When you reach a picture, pass over it; otherwise repeat the listing word for word.

[The data]
►
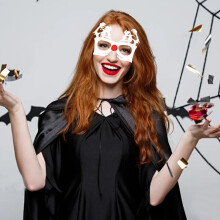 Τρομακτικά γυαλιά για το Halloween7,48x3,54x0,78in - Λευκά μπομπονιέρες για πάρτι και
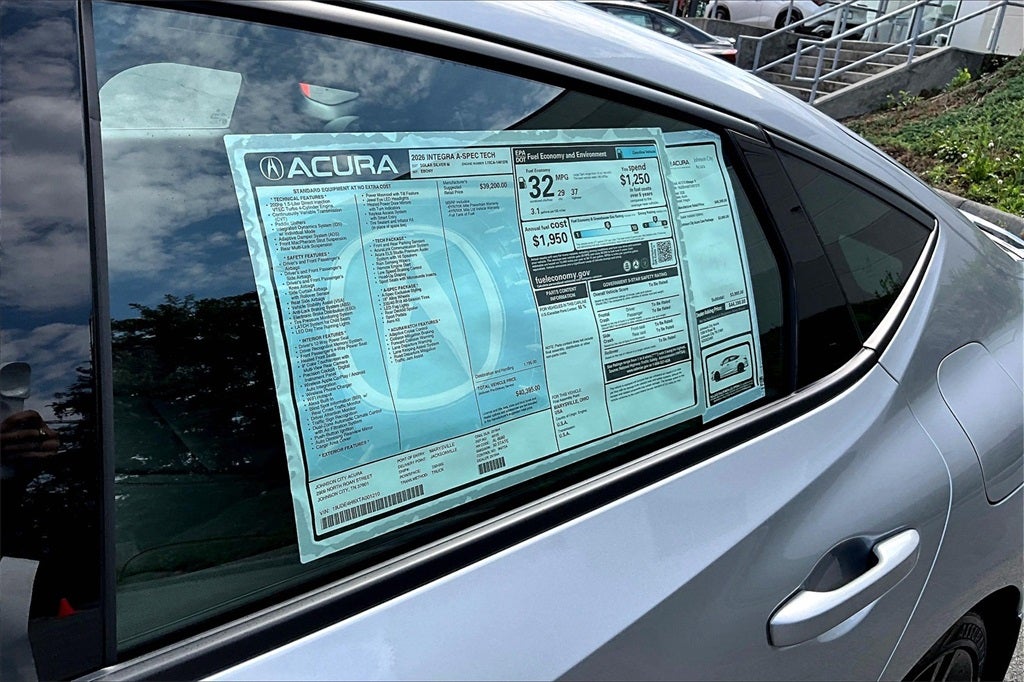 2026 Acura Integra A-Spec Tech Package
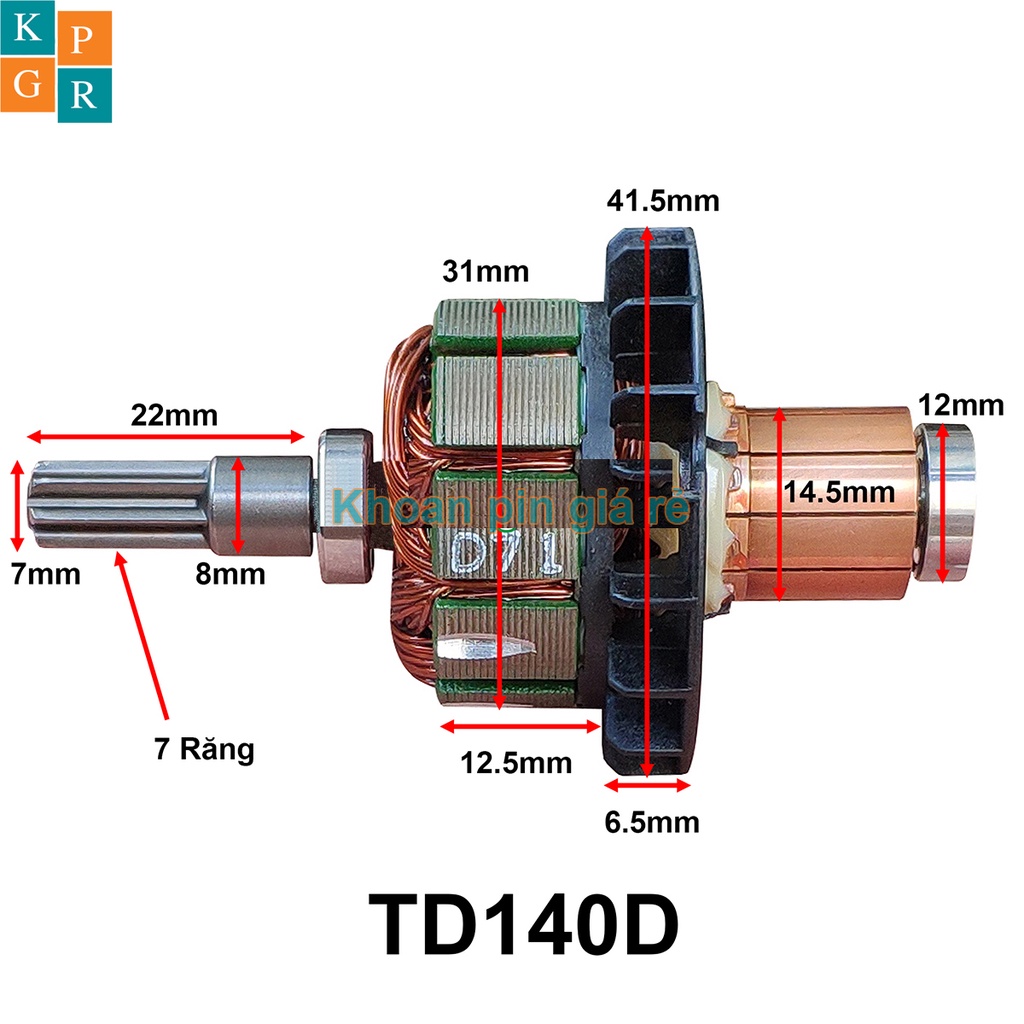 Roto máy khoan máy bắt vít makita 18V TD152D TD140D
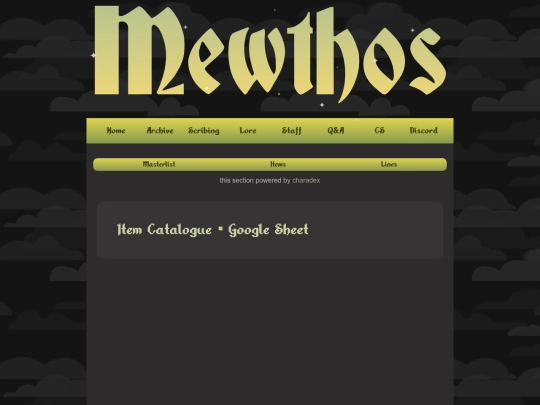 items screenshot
◄
[Finished exercise]
 Τρομακτικά γυαλιά για το Halloween7,48x3,54x0,78in - Λευκά μπομπονιέρες για πάρτι και
 2026 Acura Integra A-Spec Tech Package
 Roto máy khoan máy bắt vít makita 18V TD152D TD140D
 items screenshot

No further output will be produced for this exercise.